Equipages pas préparés
Avant l'analyse des boîtes noires, le rapport d'expertise judiciaire soulignait que neuf incidents similaires étaient survenus sur vols Air France dans les mois précédant l'accident et que les équipages n'étaient pas "préparés à les affronter" faute "d'information et d'entraînement".
Le résultat des deux enquêtes, celle conduite par deux juges d'instruction et celle du BEA, revêt de forts enjeux judiciaires et industriels. Airbus et Air France ont été mis en examen en mars pour homicides involontaires.
afp/nr
LES DERNIERES MINUTES AVANT LA CATASTROPHE
22h29: décollage de Rio. Un commandant de bord et deux copilotes sont dans le cockpit.
01h55: le commandant de bord réveille le second copilote et annonce: "Il va prendre ma place".
01h59 à 02h01: briefing entre le commandant et les deux copilotes. Un copilote dit: "Le petit peu de turbulence que tu viens de voir (...) on devrait trouver le même devant (...) on est dans la couche malheureusement on ne peut pas trop monter pour l'instant parce que la température diminue moins vite que prévu". Le commandant de bord quitte le poste de pilotage.
02h08: le premier copilote propose: "Tu peux éventuellement prendre un peu à gauche". L'avion entame un léger virage à gauche. L'avion réduit sa vitesse.
02h10 et 5 secondes: le pilote automatique et l'auto-poussée se désengagent. Le second copilote annonce: "J'ai les commandes". L'avion part en roulis à droite et un copilote exerce une "action" à gauche et cabre l'avion.
02h10 et 16 secondes: "On a perdu les vitesses alors", dit le premier copilote. Une alarme de décrochage se déclenche. L'avion prend une trajectoire ascendante. Le second copilote tente de faire piquer l'avion et manoeuvre alternativement de droite à gauche.
02h10 et 50 secondes: le premier copilote tente plusieurs fois de rappeler le commandant de bord.
02h10 et 51 secondes: l'alarme de décrochage se déclenche. L'altitude de l'avion atteint son maximum à 38'000 pieds mais le pilote tente de cabrer l'avion.

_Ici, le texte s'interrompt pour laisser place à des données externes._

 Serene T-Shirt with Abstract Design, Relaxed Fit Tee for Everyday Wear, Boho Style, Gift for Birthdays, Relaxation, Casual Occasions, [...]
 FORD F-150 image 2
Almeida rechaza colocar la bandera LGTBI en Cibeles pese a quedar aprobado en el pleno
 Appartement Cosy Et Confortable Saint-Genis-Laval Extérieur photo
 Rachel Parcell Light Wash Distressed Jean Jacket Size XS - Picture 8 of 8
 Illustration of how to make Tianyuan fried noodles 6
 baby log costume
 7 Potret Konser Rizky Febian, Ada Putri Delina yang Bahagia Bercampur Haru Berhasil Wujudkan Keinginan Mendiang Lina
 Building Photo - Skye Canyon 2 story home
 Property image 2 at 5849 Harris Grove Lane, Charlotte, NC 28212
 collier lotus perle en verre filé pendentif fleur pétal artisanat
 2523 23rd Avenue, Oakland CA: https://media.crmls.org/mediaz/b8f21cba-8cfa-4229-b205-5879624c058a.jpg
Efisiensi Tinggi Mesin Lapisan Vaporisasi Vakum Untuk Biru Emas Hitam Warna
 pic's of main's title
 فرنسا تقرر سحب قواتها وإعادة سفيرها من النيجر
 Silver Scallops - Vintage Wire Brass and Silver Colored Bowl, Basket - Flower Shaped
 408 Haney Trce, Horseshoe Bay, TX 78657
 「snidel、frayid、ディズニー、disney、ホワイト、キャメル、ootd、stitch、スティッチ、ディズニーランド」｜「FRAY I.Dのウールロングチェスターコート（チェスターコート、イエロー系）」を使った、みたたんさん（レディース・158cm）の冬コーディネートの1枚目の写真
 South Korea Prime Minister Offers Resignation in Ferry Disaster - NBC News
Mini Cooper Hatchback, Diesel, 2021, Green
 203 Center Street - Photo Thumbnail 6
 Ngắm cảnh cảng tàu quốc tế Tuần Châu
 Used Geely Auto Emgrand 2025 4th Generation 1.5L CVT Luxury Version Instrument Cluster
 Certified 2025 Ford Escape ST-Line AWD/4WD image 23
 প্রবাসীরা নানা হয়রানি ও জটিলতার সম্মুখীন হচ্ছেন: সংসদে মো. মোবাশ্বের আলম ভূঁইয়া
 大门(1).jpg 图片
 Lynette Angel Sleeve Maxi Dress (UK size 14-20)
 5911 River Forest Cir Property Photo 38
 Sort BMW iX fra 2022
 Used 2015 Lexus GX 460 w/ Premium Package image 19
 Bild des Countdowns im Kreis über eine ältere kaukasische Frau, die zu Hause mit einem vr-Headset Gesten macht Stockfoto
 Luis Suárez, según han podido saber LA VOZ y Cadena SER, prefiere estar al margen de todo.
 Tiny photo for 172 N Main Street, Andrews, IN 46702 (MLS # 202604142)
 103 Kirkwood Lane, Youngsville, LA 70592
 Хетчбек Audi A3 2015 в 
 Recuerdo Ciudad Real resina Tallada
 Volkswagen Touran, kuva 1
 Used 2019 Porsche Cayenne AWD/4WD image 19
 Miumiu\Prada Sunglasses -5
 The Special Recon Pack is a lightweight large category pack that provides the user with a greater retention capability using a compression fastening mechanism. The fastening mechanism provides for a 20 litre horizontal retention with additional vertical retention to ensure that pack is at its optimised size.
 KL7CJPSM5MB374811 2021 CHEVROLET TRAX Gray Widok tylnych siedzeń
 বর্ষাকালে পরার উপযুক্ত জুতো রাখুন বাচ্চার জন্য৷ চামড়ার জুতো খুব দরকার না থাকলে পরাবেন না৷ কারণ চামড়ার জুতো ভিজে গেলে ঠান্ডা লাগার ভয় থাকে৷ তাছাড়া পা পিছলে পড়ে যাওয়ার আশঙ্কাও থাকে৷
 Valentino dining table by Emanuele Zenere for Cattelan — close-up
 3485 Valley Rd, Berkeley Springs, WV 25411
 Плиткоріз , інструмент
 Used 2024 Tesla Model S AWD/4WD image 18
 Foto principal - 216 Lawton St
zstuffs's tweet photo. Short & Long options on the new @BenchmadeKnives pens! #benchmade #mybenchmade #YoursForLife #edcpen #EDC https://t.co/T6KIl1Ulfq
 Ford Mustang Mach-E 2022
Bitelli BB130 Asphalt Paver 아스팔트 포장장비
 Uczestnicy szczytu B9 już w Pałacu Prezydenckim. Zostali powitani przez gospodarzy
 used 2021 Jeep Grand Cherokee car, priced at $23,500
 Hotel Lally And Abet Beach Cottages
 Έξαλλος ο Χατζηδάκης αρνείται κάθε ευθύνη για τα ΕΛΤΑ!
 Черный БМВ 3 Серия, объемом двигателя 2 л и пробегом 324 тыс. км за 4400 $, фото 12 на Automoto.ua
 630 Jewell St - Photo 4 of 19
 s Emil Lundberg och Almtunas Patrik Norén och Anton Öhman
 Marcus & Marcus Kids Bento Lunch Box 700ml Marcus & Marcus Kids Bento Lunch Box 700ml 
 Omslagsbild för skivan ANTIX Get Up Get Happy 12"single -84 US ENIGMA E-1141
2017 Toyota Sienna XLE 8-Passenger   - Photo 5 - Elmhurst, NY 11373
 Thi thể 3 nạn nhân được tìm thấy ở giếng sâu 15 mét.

02h11 et 40 secondes: le commandant de bord rentre dans le poste de pilotage. Dans les secondes qui suivent, toutes les vitesses enregistrées deviennent invalides, donc ne sont pas prises en compte par les ordinateurs, et l'alarme de décrochage s'arrête. L'altitude est alors d'environ 35'000 pieds, mais la vitesse de descente est d'environ 10'000 pieds par minute.
02h12 et 02 secondes: le copilote dit: "Je n'ai plus aucune indication". Le commandant: "On n'a aucune indication qui soit valable". Une quinzaine de secondes plus tard, le copilote tente de faire piquer l'avion. Les vitesses redeviennent valides et l'alarme de décrochage se réactive.
02h13 et 32 secondes: Le copilote dit: "On va arriver au niveau cent". Quinze secondes plus tard, des actions simultanées des deux pilotes sur les mini-manches sont enregistrées. Le copilote dit: "Vas-y, tu as les commandes".
02h14 et 28 secondes: fin des enregistrements.
Combinaison de plusieurs facteurs
"Ce que nous publions aujourd'hui, ce ne sont que des constatations et ce n'est pas la compréhension de l'événement", a déclaré Jean-Paul Troadec, le directeur général du Le Bureau d'enquêtes et d'analyses (BEA), évoquant comme au début de l'enquête une combinaison de facteurs techniques et humains.
"Pour comprendre comment tout cela s'est enchaîné, c'est un travail qui commence". Airbus a indiqué dans le communiqué que les informations publiées par le BEA "constituent un pas important en vue de l'identification de la totalité de la chaîne d'événements qui a conduit à l'accident tragique du vol Air France 447".
Pour John Clemes, vice-président de l'Association des victimes Entraide et Solidarité, le BEA confirme que "les pilotes sont restés très calmes, très concentrés" mais ne dit pas pourquoi "ils ont agi de cette manière et de quelles informations ils disposaient." "Il est trop tôt" pour dire que c'est une erreur de pilotage mais il y a des "manoeuvres qui n'ont pas fonctionné", dit-il.